When each of these great elephants died their skulls and tusks were retrieved and are now on display in the Elephant Hall at Letaba Rest Camp.
The elephant hall holds the tusks of Dzombo, Kambaku, Mafunyane, Ndlulamithi, Shawu and Shingwedzi.
Joao broke both his tusks in 1984 and the tusks were never found, hence João is the only member of the Magnificent Seven who is not represented in the Letaba Elephant Hall.
Since the magnificent seven there have been other big tuskers in the Kruger such as Masbambela...
Only a handfull of people ever saw him and we took this photograph in April 2006 near Punda Maria just before he died in November 2006 near Shingwedzi.
Duke was another recent big tusker, who he broke both his tusks while roaming the area between Crocodile Bridge and Lower Sabie.
Duke died in 2011 - a ranger found his carcass on 01 October about 5 kilometers from Crocodile Bridge camp.
If you would like to read more about the big tuskers of the Kruger Park, please download the PDF document
Elephants may seem like 'gentle giants' but they can be provoked into angry attacks as this article in the Letaba museum shows...
These tourists got out their vehicle and were attacked by the elephant. Fortunately the two men were unharmed (physically that is, I don't know about mentally!) but their vehicle was a mess...
Elephants are part of The Big Five because they can be deadly if angered!
And please keep in mind that elephants are not the only animals you should be wary of - they are just one of the ten most dangerous safari animals in Africa!
The Kruger big tuskers were known to be placid and tolerant but any animal can become aggressive if annoyed or if it feels threatened.
Read question two of our interview with Daryl Balfour, a professional wildlife photographer, where he discusses his close call with Tshokwane, one of the Kruger's big tuskers
SANParks has included the following general rules for safe viewing of Kruger big tuskers and other elephants on the flyer.

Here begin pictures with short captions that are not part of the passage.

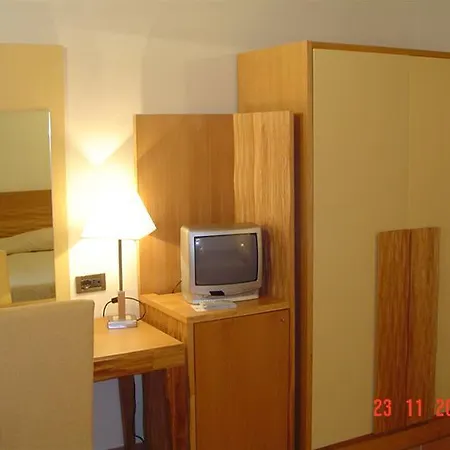 Hotel Ariotto Village 4*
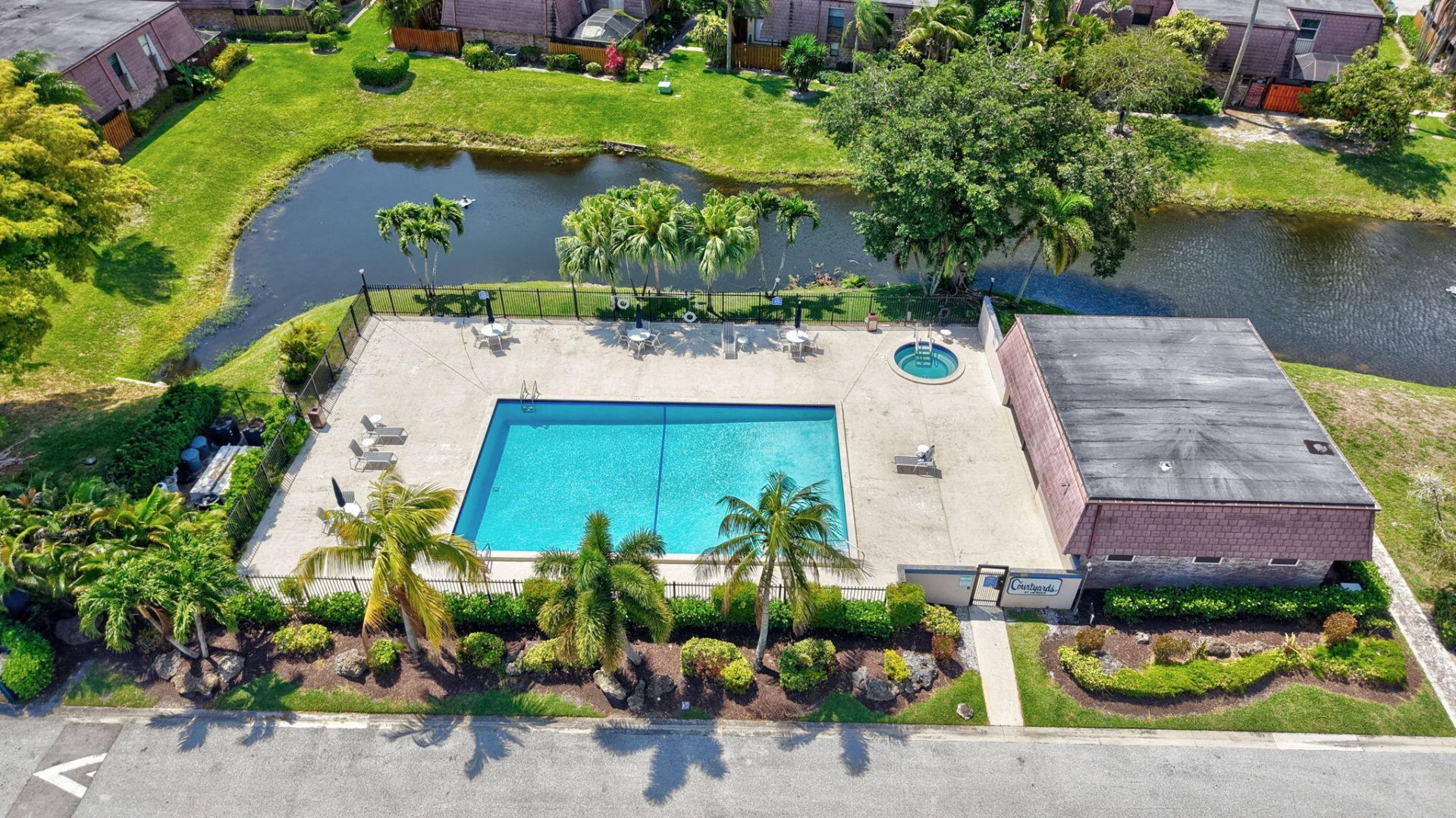 7582 Courtyard Run E, Unit 7582, Boca Raton, FL 33433 Photo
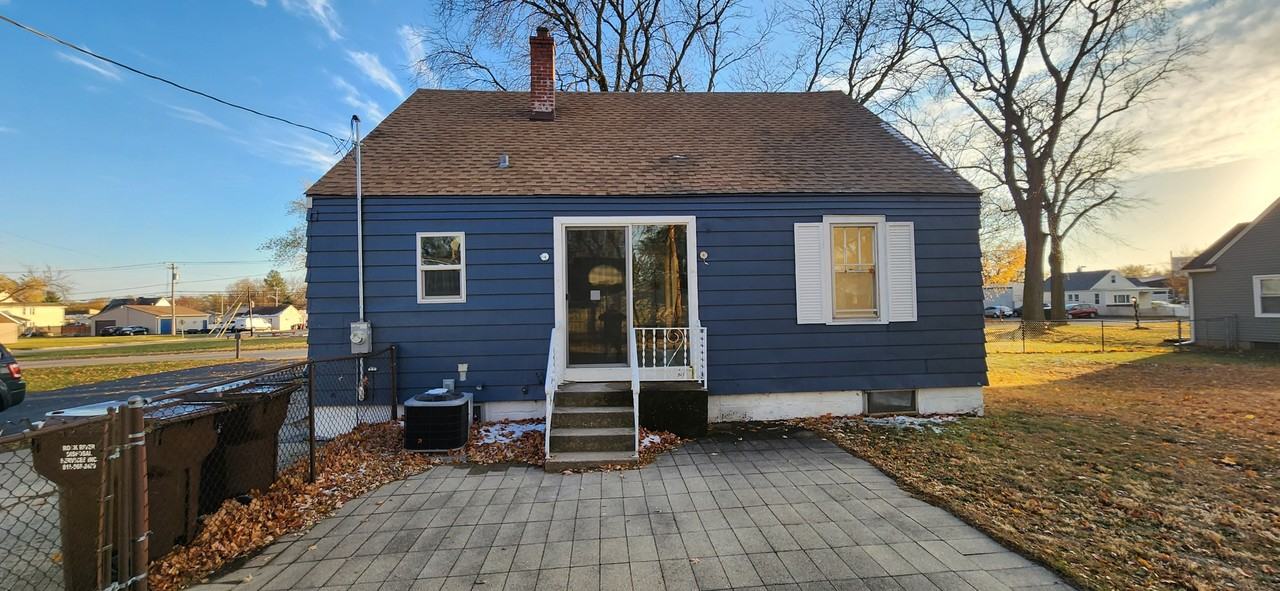 532 Anna Ave #1 - Photo 3 of 6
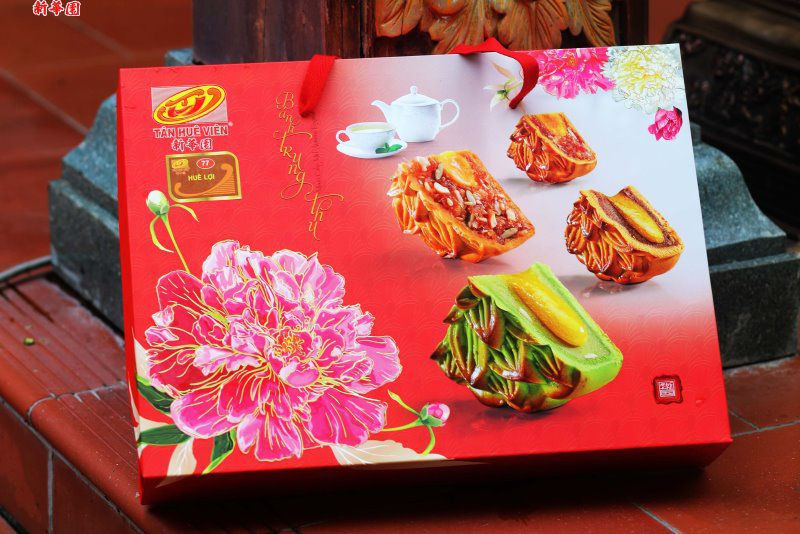 Hộp bánh trung thu Tân Huê Viên Huê Lợi cao cấp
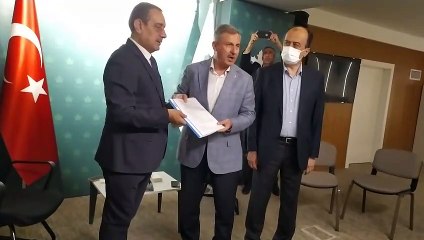 Çaresiz kalan Bitlisliler Gelecek Partisinden yardım istediler.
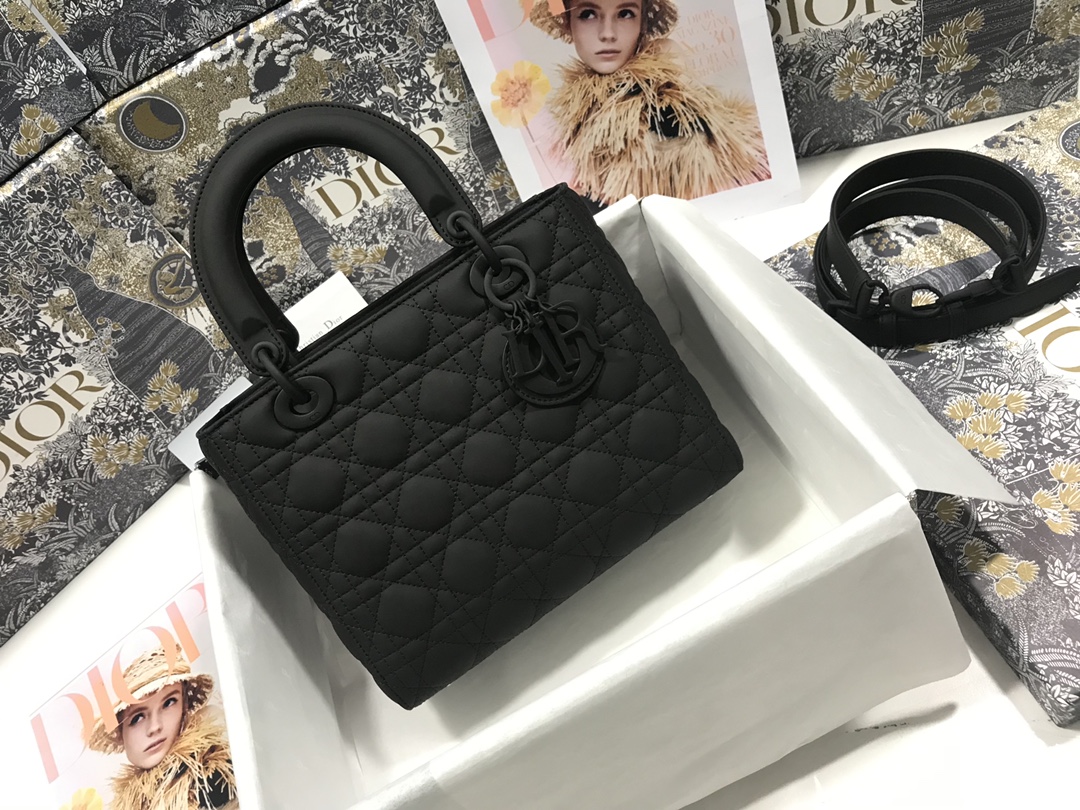 Handbag Dior M0565 size 24 x 20 x 11 cm - vstockx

You would be most wise to take note of them...
1. Be especially careful when approaching elephant breeding herds with small calves. The matriarch – or other cows with calves – can become aggressive especially when small calves become separated from adults. Keep a safe distance.
2. Watch out for musth bulls. They are identified by the constant passing of small amounts of smelly urine on the ground and hind legs. When walking on the road they leave a characteristic trail of urine. Their temporal glands also exude dark liquid. Musth bulls can be aggressive and it is advisable to keep a safe distance.
3. Do not follow the elephants
4. Do not drive off the road
5. Respect elephants at all times.
6. Always allow the elephants the right of way.
7. Drive off slowly if they get too near.
8. Never cut off their path.
9. Do not rev your vehicle's engine near elephants.